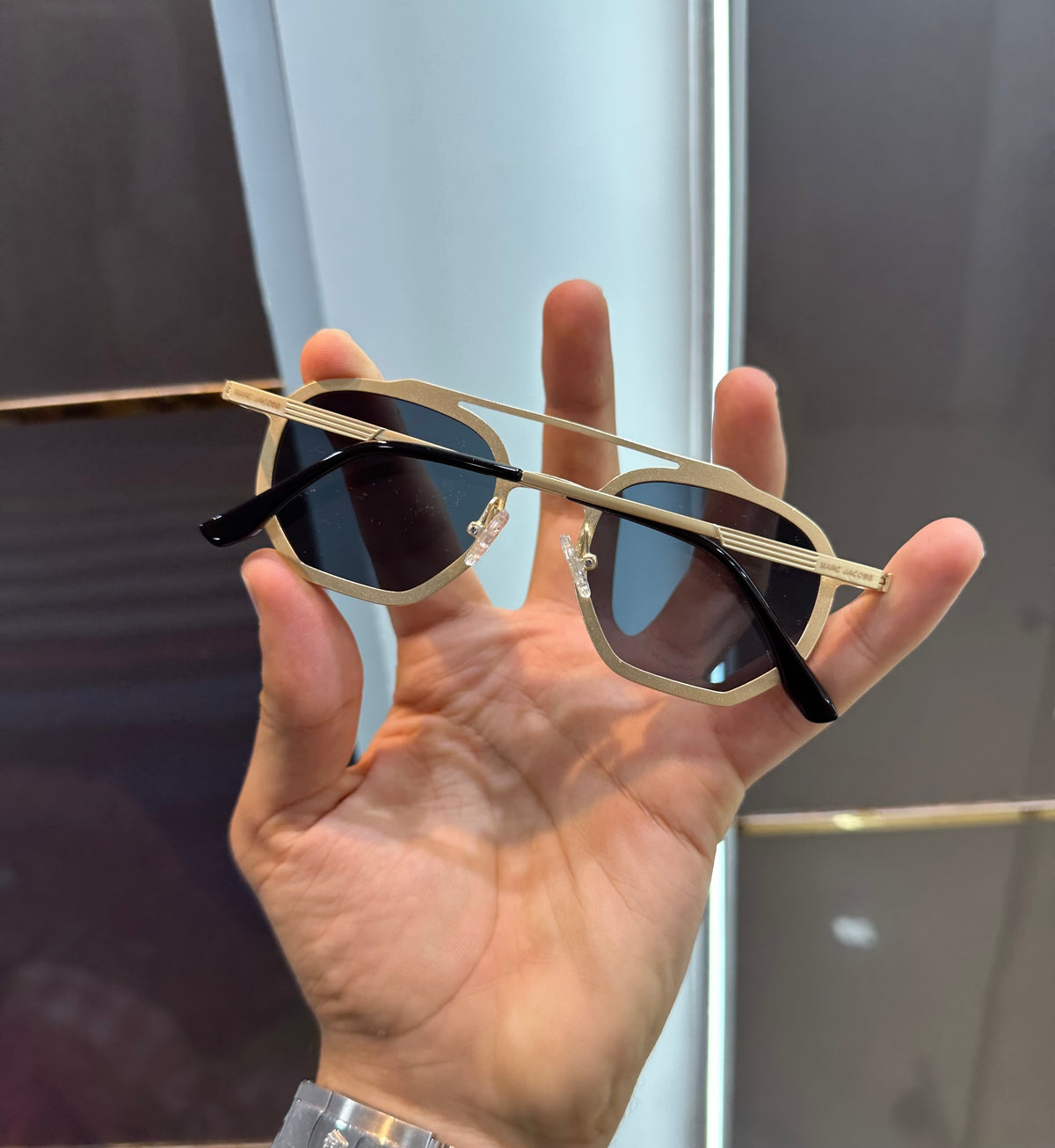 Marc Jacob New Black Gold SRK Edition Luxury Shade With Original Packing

:::::

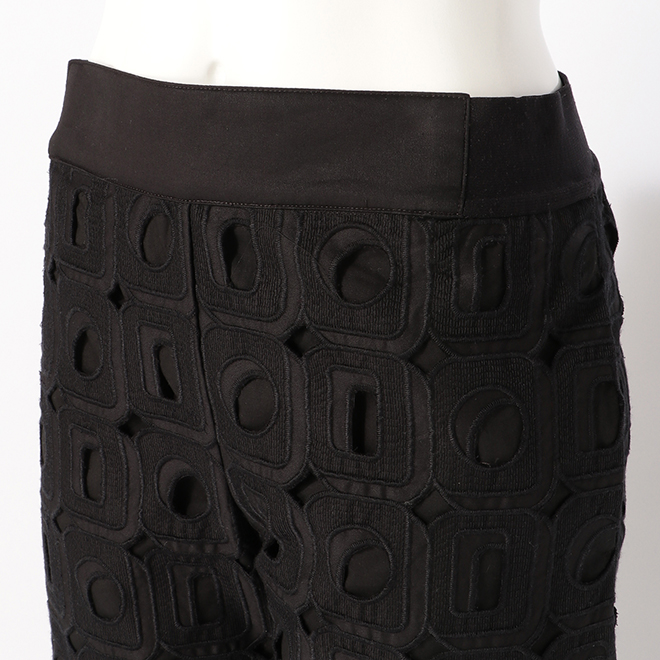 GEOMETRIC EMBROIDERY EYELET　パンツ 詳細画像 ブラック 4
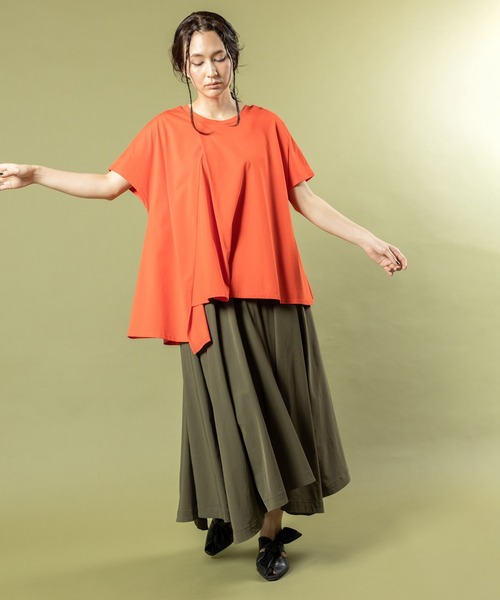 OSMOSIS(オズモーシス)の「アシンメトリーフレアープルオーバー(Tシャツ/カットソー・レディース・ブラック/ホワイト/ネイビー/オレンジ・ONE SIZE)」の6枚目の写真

:::::

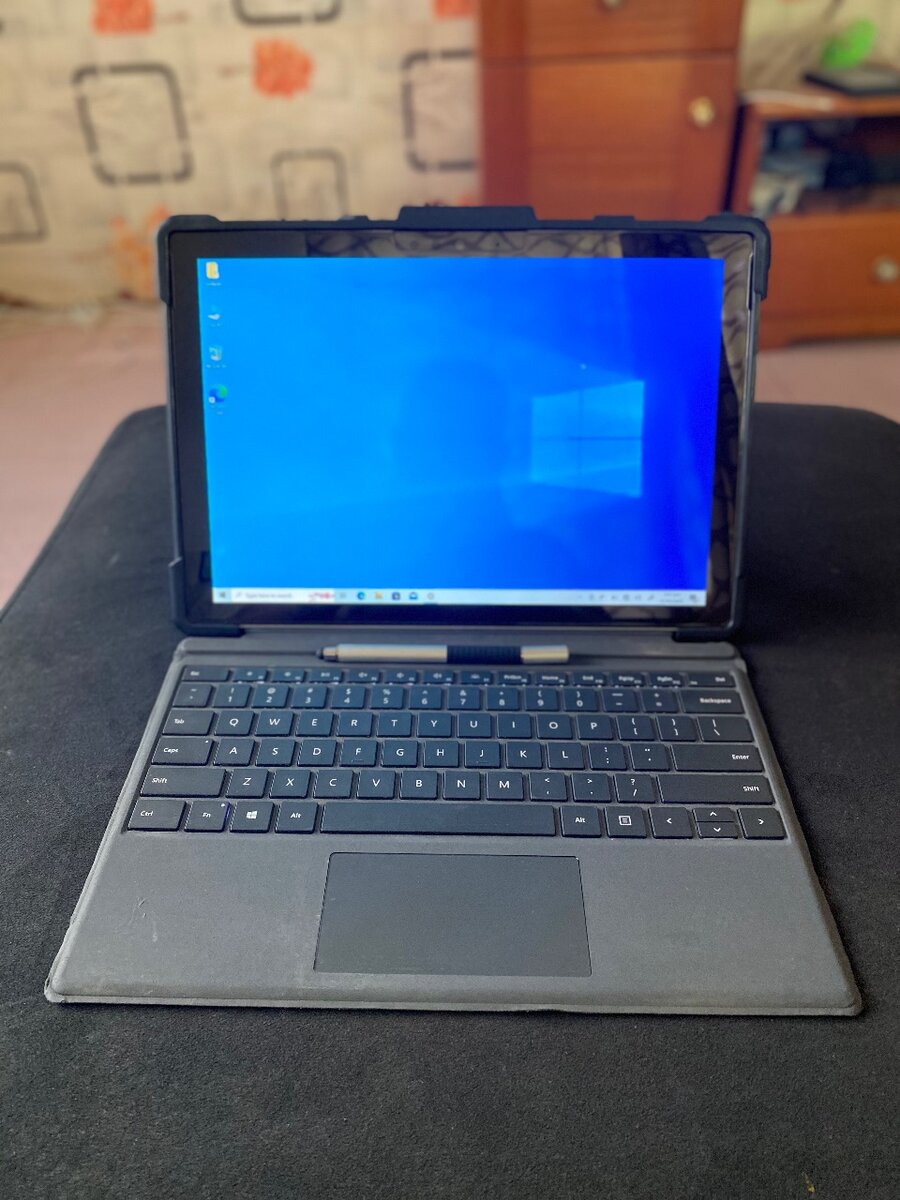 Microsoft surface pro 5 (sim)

:::::

For this exercise, return exactly the lines above from the line with "GEOMETRIC EMBROIDERY EYELET　パンツ 詳細画像 ブラック 4" through the line with "OSMOSIS(オズモーシス", both included. Do not copy the pictures.

FINAL ANSWER =
 GEOMETRIC EMBROIDERY EYELET　パンツ 詳細画像 ブラック 4
 OSMOSIS(オズモーシス)の「アシンメトリーフレアープルオーバー(Tシャツ/カットソー・レディース・ブラック/ホワイト/ネイビー/オレンジ・ONE SIZE)」の6枚目の写真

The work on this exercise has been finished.